Above / Stroll the Naperville Riverwalk with peaceful reflection any day to find “What We Need.”
To PN: (What’s Next for the Naperville Riverwalk? Story) / Have been wanting to contact you since reading the “What’s next for the Naperville Riverwalk?”
Editor’s Note: “What We Need” is located on the north side of the Riverwalk across from the apartment complex, just steps beyond what used to be the Netzley House, now a visitor’s center for Moser Tower and the Millennium Carillon. Follow the brick path past the footbridge over the DuPage River that leads to Centennial Park.
To PN: (What’s Next for the Naperville Riverwalk? Story) / 37 years…kind of hard to believe. Beautiful article, Stef… Thank you for continuing to push our “crown jewel” so articulately.
I can’t forget one of Wilfred’s employees, Bob (can’t remember his last name) talking to me after reviewing our first presentation to the city council. He said, “It’s a great idea, but it will never happen.”
Keep on giving your fantastic support to this great concept.
Editor’s Note: Chuck George is professionally known as the founder of Charles Vincent George Design Group. George was the original architect who designed the Riverwalk as the City’s sesquicentennial gift.

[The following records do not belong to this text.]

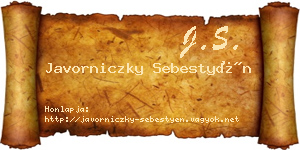 Javorniczky Sebestyén névjegykártya
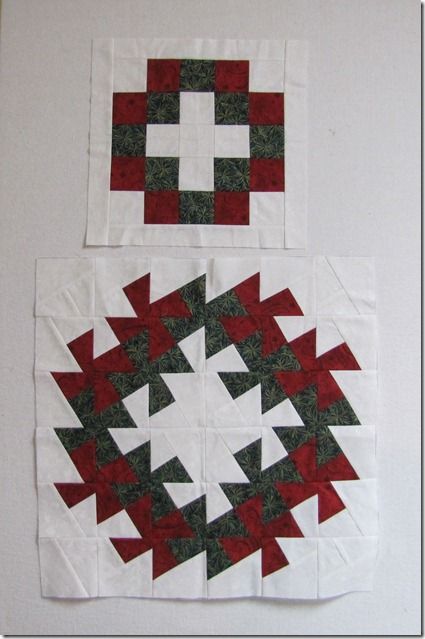 Genius!  I just got the Lil' Twister tool and learned how to use it.  Next Christmas project! :) Twister Quilts, Pinwheel Quilt, Square Dance, Miniature Quilts, Holiday Quilts, Quilting Rulers, Quilt Block Pattern, Wall Quilts, Quilting Techniques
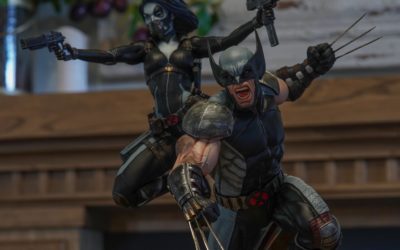 X-Force Wolverine and Domino 1/4 Scale Custom Statue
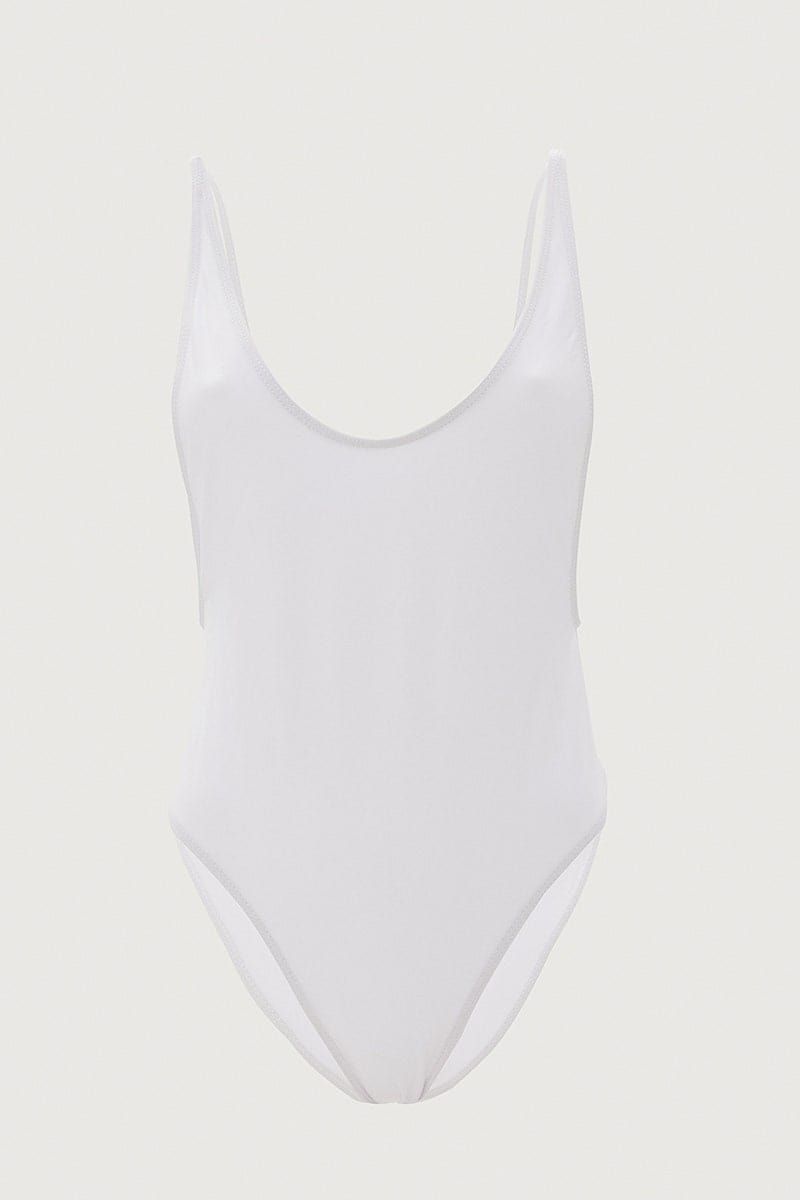 White One Piece Swimsuit sold by Ally Fashion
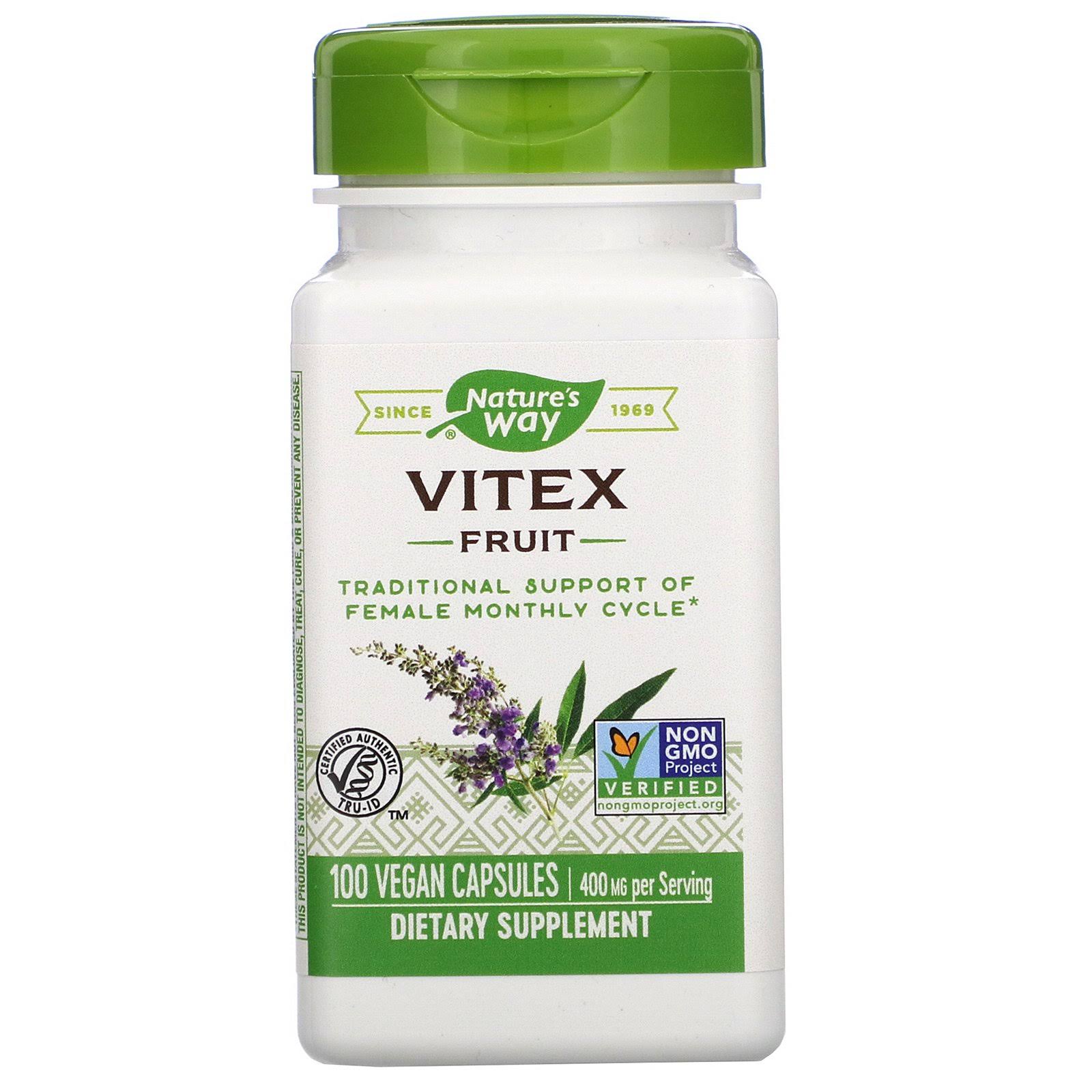 Nature's Way Vitex Fruit - 400 mg x 100 Capsules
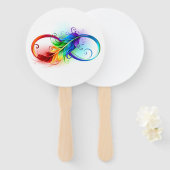 Infineensymbool met regenboogvanger handwaaier (Voorkant en achterkant)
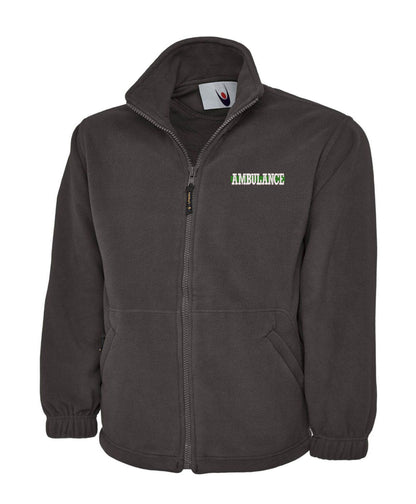 NHS Ambulance Service ,Green Line Ambulance ,Embroidered  Fleece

To PN Columnist Sue Jelinek / Thank you for sharing the post in regards to the military…My father who will be 90 is a Korean War Veterans. And it brings me joy when my father wears his Korean cap that folks do care …they stop and say: “THANK YOU, SIR, FOR YOUR SERVICE.”
In regards to the Vietnam War: Lets not forget the ages of these young boys that served in the Vietnam War. Many were barely out of High School, and many did not have the opportunity to even had the joy of starting a family, as they never returned home.
God Bless ALL our service men & women who have given and or put their lives on hold to make our lives and better place.
To PN: WASHINGTON, June 27, 2018 – From the Office of the Governor / The U.S. Supreme Court today ruled in favor of Illinois state employee Mark Janus in his case contesting compulsory union fees for non-union government workers. The ruling in the case (Janus v. AFSCME), which was initiated by Gov. Rauner in 2015 and carried forward by Janus, the Liberty Justice Center and its co-counsel, means that unions can no longer collect so-called “fair share” fees from public sector employees who decline membership in a union.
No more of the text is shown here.